Vanités
Vanités s’inscrit dans la série de sculptures que Vincent Du Bois consacre à la perception du temps.
Dans la lignée du XVIIe siècle où crâne, bougies ou fruits gâtés participaient aux compositions de natures mortes où forces de vies et déclin étaient associés pour illustrer le cruel paradoxe de la vanité humaine au cœur du cycle des choses, l’artiste digresse sur ce thème du memento mori.
Pour la série Candelabra de Stone Touch, VDB crée un crâne de marbre en déformant légèrement la plastique et les proportions du squelette afin que des bougies puissent y être insérées. Ce candélabre associe ces deux aspects antinomiques que sont la présence de la pierre et celle de la cire, où squelette et chandelles jouent une même partition, entre mémoire figée et trajectoire fugace.
Pour Vanité Urbaine, l’artiste compose un memento mori en forme de bouquet de fleurs fait de parcmètres vintages.
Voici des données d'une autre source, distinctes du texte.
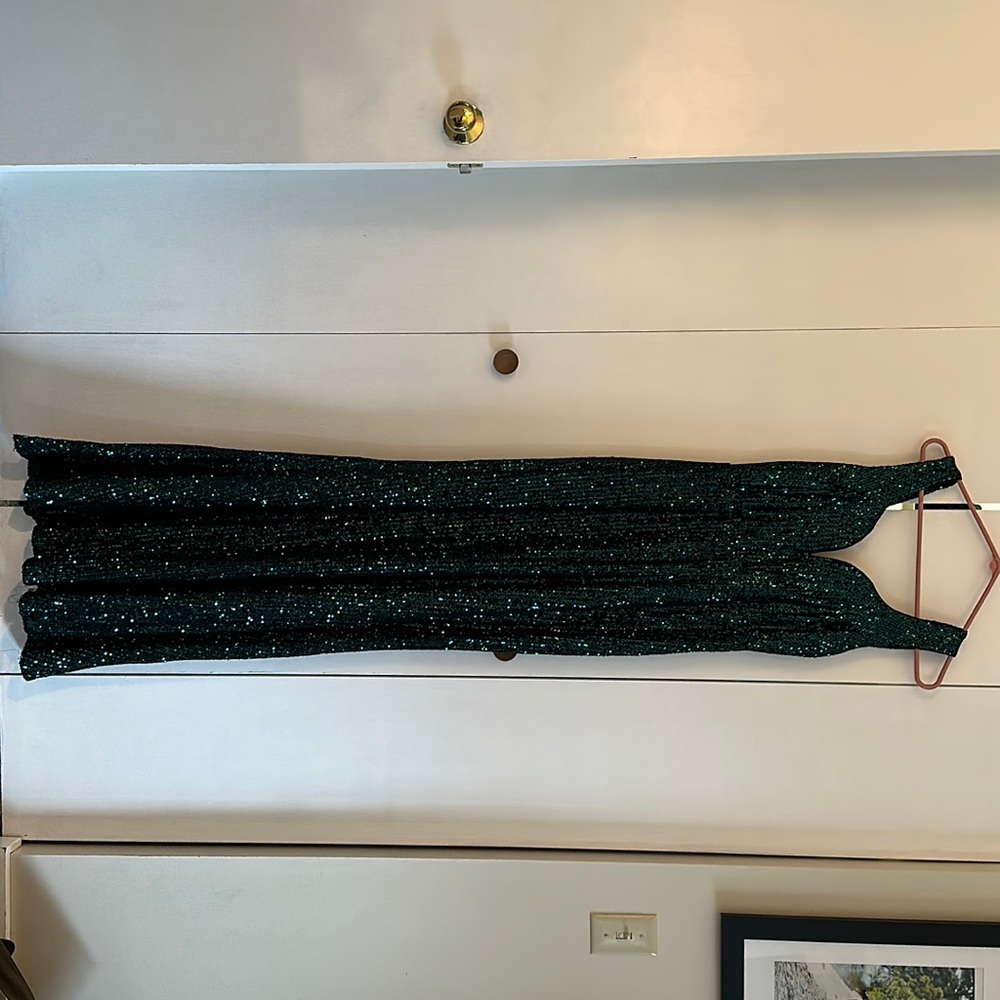 Sparkle emerald green dress, perfect for new year eve or weddingn guest
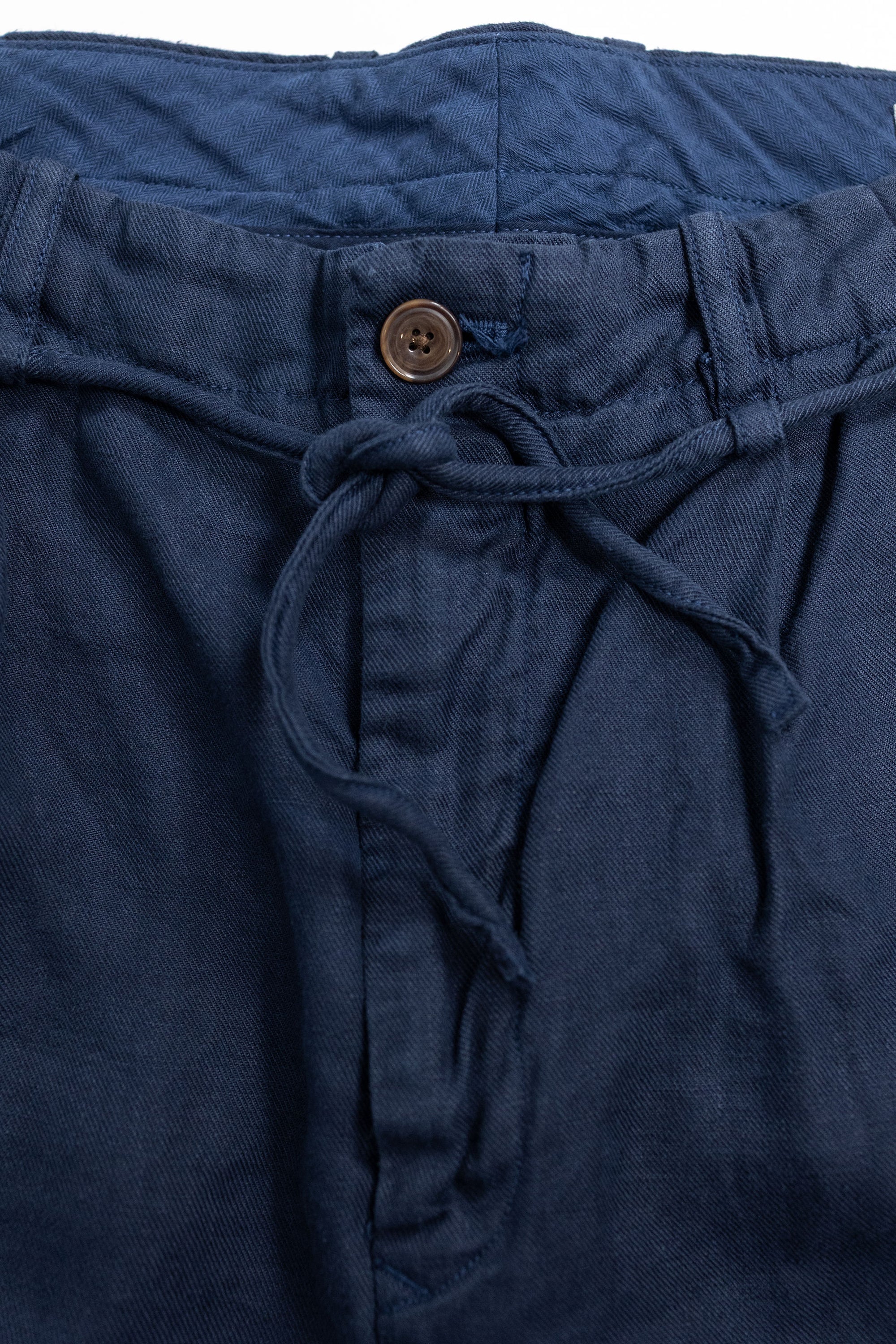 Seuvas Linen Tapered 2-Tuck Pants - Navy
Cette nature morte urbaine recycle les anciens horodateurs individuels passés au rebut. C’est du temps contemporain qu’il est ici question. Le temps que l’on paie, témoins de nos sociétés capitalistes, où l’utilisateur loue un espace et un temps pour s’arrêter. La notion de vanité est ici appuyée par le geste de récupération de ces machines jetées, à la façon des fleurs coupées.
La perception du temps est un des thèmes de prédilection de VDB. « La Vanité », ce genre pictural souvent rattaché aux natures mortes de la Renaissance et de l’époque baroque comme symbole de l’inexorable marche du temps et de la condition humaine éphémère, est réinvesti par l’artiste et transposé à la sculpture sous différentes formes.
Vanité (série Candelabra pour Stone Touch) : marbre blanc CH Cristallina, 40x25x25 cm : Chandelles, bougies, cierges et autres cylindres de cire, qui nourrissent la flamme en échange de leur consomption, portent cette double fonction entre utilitaire et symbolique. Outre les capacités d’éclairer ou de réchauffer, la lumière et le feu remplissent des missions symboliques qui, en trompant l’ombre et l’obscurité, tantôt servent la connaissance, tantôt guident l’âme ou encore portent la mémoire. Remplacer le candélabre classique par un crâne permet ici de renforcer le rôle multiple de la bougie. Squelette et chandelles jouent ici cette même partition entre mémoire figée et trajectoire furtive. Servi par le matériau pierre, la constance minérale contraste avec la dimension transitoire de la cire.
L’os en glace (« frozen water bone ») ou « l’arc-à-ricochets » évoquent, eux, le paradoxe de systèmes à la fois fragiles et stables, à l’image de la complexe et mystérieuse organisation de la matière qui tient la vie en équilibre. Les ondes éphémères et parfaites du ricochet expriment la rigueur abstraite du geste alors que l’os figé dans la glace n’est que de l’eau.
« Bouquet urbain » est un memento mori contemporain qui transpose les codes de la vanité classique vers un arrangement floral urbain. Avec ces sept horodateurs recyclés et disposés comme un bouquet de fleurs coupées, c’est le temps contemporain qui est mis en scène. Un temps que l’on paie, un espace que l’on loue. Une nature morte donc, car constituée d’objets récupérés de la casse, et à la fois une expression capitaliste du temps qui passe.
Vita fugit sicut umbra. Les travaux sur les vanités tirent souvent chez VDB leur inspiration des citations classiques que les romains gravaient sur leurs cadrans solaires. La vie passe (fuit) comme l’ombre est un exemple de cette série d’installations aquatiques. Une plaque métallique au texte perforé est placée au fond d’un canal qui passe sous un petit pont. Avec le temps, les algues du fond du canal se forgent un passage dans l’inscription évidée et reproduisent la citation en ondulant au rythme de l’eau qui court. Ainsi coiffée par le courant, l’inscription végétale semble se dématérialiser, accentuant la dimension passagère de la condition humaine.